## Aim of the task:
Output range, inclusive: from the line containing "xs Beden Siyah dantel detaylı şık elbise" to the line containing "Sézane Laurette wrap dress size 34 NWOT". Restate those lines from the data below word for word and only those.

(Saved data entries)
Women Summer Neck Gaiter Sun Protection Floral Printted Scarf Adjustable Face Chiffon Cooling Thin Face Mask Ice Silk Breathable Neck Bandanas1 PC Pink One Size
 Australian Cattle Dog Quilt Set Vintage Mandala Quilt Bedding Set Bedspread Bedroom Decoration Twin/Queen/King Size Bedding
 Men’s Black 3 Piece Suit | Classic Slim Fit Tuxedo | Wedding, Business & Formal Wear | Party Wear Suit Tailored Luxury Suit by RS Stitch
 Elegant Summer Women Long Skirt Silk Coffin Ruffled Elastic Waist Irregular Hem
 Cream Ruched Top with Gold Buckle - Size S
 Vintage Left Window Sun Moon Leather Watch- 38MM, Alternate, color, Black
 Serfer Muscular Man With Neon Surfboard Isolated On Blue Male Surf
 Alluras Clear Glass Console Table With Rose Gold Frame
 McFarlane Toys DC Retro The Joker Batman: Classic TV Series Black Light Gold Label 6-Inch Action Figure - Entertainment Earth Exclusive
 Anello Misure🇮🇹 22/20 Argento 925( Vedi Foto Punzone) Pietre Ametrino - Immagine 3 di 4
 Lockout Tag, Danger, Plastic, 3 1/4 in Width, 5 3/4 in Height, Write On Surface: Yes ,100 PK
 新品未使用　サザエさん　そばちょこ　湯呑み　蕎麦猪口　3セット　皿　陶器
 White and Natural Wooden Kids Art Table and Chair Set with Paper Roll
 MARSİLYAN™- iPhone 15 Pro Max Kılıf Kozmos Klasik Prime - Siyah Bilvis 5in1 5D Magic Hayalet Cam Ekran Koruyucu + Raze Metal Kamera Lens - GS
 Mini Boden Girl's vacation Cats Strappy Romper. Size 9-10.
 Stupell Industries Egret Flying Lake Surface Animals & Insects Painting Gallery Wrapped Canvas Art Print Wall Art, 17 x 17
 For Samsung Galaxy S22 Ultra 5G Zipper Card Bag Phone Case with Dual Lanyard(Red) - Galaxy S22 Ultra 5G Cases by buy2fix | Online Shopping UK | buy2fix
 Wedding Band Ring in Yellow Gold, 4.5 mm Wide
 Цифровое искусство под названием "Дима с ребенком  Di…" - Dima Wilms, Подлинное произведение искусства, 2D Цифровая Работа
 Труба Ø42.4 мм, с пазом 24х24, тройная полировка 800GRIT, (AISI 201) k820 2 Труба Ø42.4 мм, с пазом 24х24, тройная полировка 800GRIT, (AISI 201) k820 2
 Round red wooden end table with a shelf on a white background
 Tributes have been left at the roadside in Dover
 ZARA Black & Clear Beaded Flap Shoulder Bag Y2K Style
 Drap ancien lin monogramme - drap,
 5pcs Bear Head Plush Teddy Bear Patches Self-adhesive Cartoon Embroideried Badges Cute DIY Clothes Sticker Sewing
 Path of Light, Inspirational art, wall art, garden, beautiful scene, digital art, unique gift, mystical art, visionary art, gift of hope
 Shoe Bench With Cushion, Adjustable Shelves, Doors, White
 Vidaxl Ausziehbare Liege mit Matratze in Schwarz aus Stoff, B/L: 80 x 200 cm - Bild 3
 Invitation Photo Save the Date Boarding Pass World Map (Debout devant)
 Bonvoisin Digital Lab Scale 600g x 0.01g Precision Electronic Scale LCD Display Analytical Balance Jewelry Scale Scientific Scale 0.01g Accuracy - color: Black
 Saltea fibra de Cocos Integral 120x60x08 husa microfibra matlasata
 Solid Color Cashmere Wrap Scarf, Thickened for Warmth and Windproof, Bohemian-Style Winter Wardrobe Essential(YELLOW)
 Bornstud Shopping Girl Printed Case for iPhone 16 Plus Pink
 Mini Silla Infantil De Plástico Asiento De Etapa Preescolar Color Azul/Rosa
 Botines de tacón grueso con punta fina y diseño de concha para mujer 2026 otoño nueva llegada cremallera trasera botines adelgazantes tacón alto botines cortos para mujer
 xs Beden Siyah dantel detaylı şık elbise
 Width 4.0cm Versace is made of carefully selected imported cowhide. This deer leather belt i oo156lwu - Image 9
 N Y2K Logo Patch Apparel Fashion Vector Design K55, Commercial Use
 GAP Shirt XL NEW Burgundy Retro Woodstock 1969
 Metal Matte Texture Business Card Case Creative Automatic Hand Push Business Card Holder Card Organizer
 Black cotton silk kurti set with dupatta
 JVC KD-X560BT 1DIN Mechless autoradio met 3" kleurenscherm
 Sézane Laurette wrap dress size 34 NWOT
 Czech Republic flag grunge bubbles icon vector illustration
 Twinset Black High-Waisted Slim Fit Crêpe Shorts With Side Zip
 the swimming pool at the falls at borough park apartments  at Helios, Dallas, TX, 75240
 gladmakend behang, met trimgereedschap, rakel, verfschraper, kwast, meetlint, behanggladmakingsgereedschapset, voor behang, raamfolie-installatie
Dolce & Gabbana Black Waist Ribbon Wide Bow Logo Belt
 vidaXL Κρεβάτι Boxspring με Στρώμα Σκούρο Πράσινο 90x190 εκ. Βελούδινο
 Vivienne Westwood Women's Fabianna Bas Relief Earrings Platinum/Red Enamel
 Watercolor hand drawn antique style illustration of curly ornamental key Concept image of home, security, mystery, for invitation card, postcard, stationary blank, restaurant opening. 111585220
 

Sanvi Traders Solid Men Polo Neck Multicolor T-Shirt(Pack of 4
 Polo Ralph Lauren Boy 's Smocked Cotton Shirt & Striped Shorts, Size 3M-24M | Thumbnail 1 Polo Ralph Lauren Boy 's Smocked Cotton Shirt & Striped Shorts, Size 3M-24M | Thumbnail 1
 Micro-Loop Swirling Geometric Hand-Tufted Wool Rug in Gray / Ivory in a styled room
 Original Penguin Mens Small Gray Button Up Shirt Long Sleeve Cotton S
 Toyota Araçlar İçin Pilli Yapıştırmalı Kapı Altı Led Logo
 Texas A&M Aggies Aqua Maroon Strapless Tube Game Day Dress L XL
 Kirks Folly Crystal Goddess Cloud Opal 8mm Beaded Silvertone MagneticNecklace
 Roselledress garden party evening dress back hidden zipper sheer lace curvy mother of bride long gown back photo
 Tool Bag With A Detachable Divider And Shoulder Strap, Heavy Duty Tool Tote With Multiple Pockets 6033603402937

## Exercise response:
 xs Beden Siyah dantel detaylı şık elbise
 Width 4.0cm Versace is made of carefully selected imported cowhide. This deer leather belt i oo156lwu - Image 9
 N Y2K Logo Patch Apparel Fashion Vector Design K55, Commercial Use
 GAP Shirt XL NEW Burgundy Retro Woodstock 1969
 Metal Matte Texture Business Card Case Creative Automatic Hand Push Business Card Holder Card Organizer
 Black cotton silk kurti set with dupatta
 JVC KD-X560BT 1DIN Mechless autoradio met 3" kleurenscherm
 Sézane Laurette wrap dress size 34 NWOT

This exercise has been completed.